THERE are few 24-carat heroines in history. What comes to mind are Joan of Arc, Mother Teresa and Florence Nightingale. The fourth in my book is Judit Polgar.
Joan of Arc is considered a heroine of France and is a Roman Catholic saint. Mother Teresa is about to become one, while Florence was a philosopher of modern nursing and a social reformer.
Judit is the strongest female chess player in history and has defeated 10 current or former world champions--Magnus Carlsen, Anatoly Karpov, Garry Kasparov, Boris Spassky, Vasily Smyslov, Veselin Topalov, Viswanathan Anand, Ruslan Ponomariov, Alexander Khalifman, and Rustam Kasimdzhanov. Last month, she announced her retirement from competitive chess at age 38.
She and her two older sisters GM Susan and IM Sofia, were part of an experiment carried out by their father Laszlo Polgár, who wanted to to prove that children could make exceptional achievements if trained at a very early age .”Geniuses are made, not born”, was Laszlo’s belief.
Polgár became a GM at the age of 15 years and 4 months in 1991, the youngest to have done so of either sex, breaking the record previously held by Bobby Fischer which had stood for 33 years. At that time, training with the use of computers were not available and a GM was as rare as a dodo.
She is the only woman to qualify for a World Championship tournament in 2005. Also, she is the only woman to have surpassed the 2700 ELO rating barrier and was rated 2735 in 2005 and ranked no.8 in the world.. She has been the No. 1 rated woman in the world since 1989 (when she was 12 years old).
She is retiring to focus on the Judit Polgar Chess Foundation and to spend more time with her children. She now finds it increasingly hard to summon the laser-like concentration that propelled her to becoming a legend.
“You have to be a winner,” she said. “You have to be more motivated, you have to work more, and if you lose you have to stand up and fight again and again.”
In her view, the world may have to wait some time before it sees someone like her again.
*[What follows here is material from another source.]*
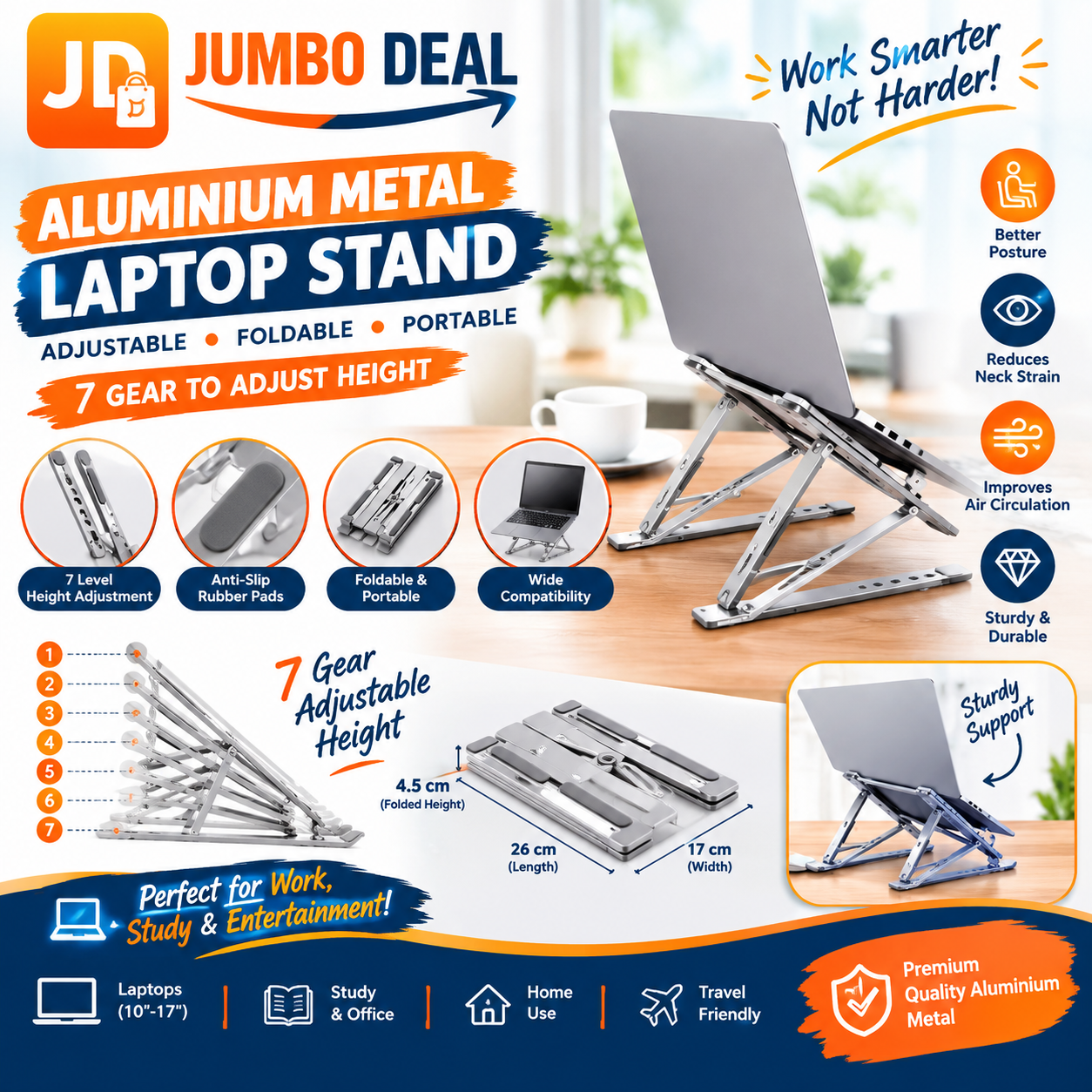 Aluminium Metal Foldable Laptop Stand 7-Gear Height Adjustable Holder – Jumbo Deal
Asked when chess would have its first female world champion, she said, “I hope in the next 20 years.”
WESLEY. The Grand Prix Series schedule and participants has just been announced. The first two players will qualify to the candidates tournament to select the challenger to the world champion.
The participants are Caruana Fabiano (2801), Grischuk Alexander (2789), Nakamura Hikaru (2782), Karjakin Sergey (2777), Vachier Lagrave Maxime (2768), Giri Anish (2758), Dominguez Leinier (2756), Mamedyarov Shakhriyar (2756), Gelfand Boris (2748), Jakovenko Dmitry (2747) Svidler Peter (2732), Andreikin Dmitry (2722), Radjabov Teimour (2717), Kasimdzhanov Rustam (2706), Tomashevsky Evgeny (2701) and Ghaem Maghami Ehsan (2591).
Wesley So (2755) should have been one of the participants had the NCFP released him to
the USCF. How very sad!
BBRC TOURNAMENT. Cepca will put some sunshine to the life of chess-playing inmates of BBRC this Sunday at 1 p.m.
The format is five rounds Swiss and time control will be 15 minutes per player plus 10-second increments. Cash prizes will be awarded to the top five players—P1,000 ,P800 ,P600, P400 and P200.
If there will be time, there will be a simul by Cepca members to the participants and winners will receive a token prize of P100.
The sponsor is Cepca vice president Marvyne Guardiana.